Nu naar het oordeel van de rechtbank sprake is van gewijzigde omstandigheden zal vervolgens dienen te worden beoordeeld of er reden is voor beëindiging van het gezamenlijk gezag. Beoordeeld dient dan te worden of sprake is van één van de in het van overeenkomstige toepassing verklaarde artikel 1:251a, eerste lid, BW vermelde criteria, te weten hetzij dat er een onaanvaardbaar risico is dat de minderjarige klem of verloren dreigt te raken tussen de ouders en niet te verwachten is dat hierin binnen afzienbare tijd voldoende verbetering zal komen, hetzij dat wijziging van het gezag anderszins in het belang van de minderjarige noodzakelijk is.
2.6.
De rechtbank overweegt als volgt.
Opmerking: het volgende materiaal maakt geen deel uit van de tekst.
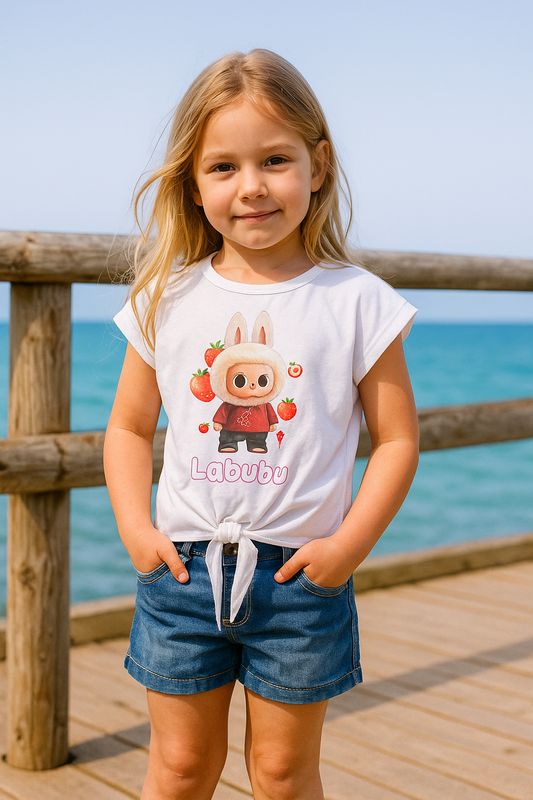 Camiseta de niña de Labubu anudada en la cintura - Pronta moda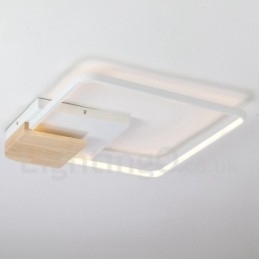 Dimbare witte vierkante houten plafondlamp Ultradunne plafondlamp Kan ook als wandlamp worden gebruikt
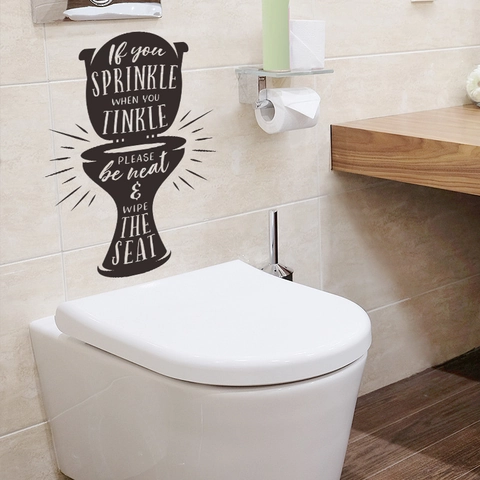Humorvoll Englisch Slogan Toilettensitz Aufkleber PVC Abnehmbar Selbstklebend Badezimmer Wandtattoo Toiletten Heimdekor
Het uitgangspunt van de wetgever is dat ouders gezamenlijk het ouderlijk gezag over hun minderjarige kinderen (blijven) uitoefenen. Voor de uitvoering van gezamenlijk gezag is vereist dat de ouders in staat zijn tot een behoorlijke gezamenlijke gezagsuitoefening en dat zij beslissingen van enig belang over hun kinderen in gezamenlijk overleg kunnen nemen, althans tenminste in staat zijn vooraf afspraken te maken over situaties die zich rond hun kinderen kunnen voordoen. Naar het oordeel van de rechtbank is de wijziging van het gezag in dit geval noodzakelijk in het belang van de [minderjarige] . Hoewel partijen bij de echtscheiding zijn overeengekomen om samen het gezag te blijven uitoefenen, is in de afgelopen periode gebleken dat dit in de praktijk niet haalbaar blijkt. De man is woonachtig in het buitenland en is daardoor niet altijd even goed te bereiken voor de vrouw. Dit zorgde eerder al voor lastige situaties doordat de man niet tijdig zijn toestemming kon verlenen. De rechtbank stelt vast dat de man onder andere om die reden thans met de vrouw van mening is dat het in het belang van [minderjarige] is om de vrouw voortaan met het eenhoofdig gezag over [minderjarige] te belasten. Daarbij heeft de man expliciet uitgesproken dat hij er vertrouwen in heeft dat de vrouw de juiste beslissingen over [minderjarige] neemt en hem daar telkens over blijft informeren en in blijft betrekken. De vrouw heeft daarop aangegeven dat zij het belangrijk vindt om de man voortdurend te blijven betrekken bij de te nemen gezagsbeslissingen over [minderjarige] . Zij wil graag dat de man blijft meedenken over wat er in het belang van [minderjarige] is en zal de man steeds op de hoogte houden aangaande de verzorging en opvoeding van [minderjarige] .
2.7.
Gegeven deze feiten en omstandigheden is de rechtbank met de Raad van oordeel dat het eenhoofdig gezag in het belang van de [minderjarige] noodzakelijk is. Het verzoek van de vrouw om alleen te worden belast met het gezag over de minderjarige zal, mede gezien de instemming van de man, worden toegewezen.
2.8.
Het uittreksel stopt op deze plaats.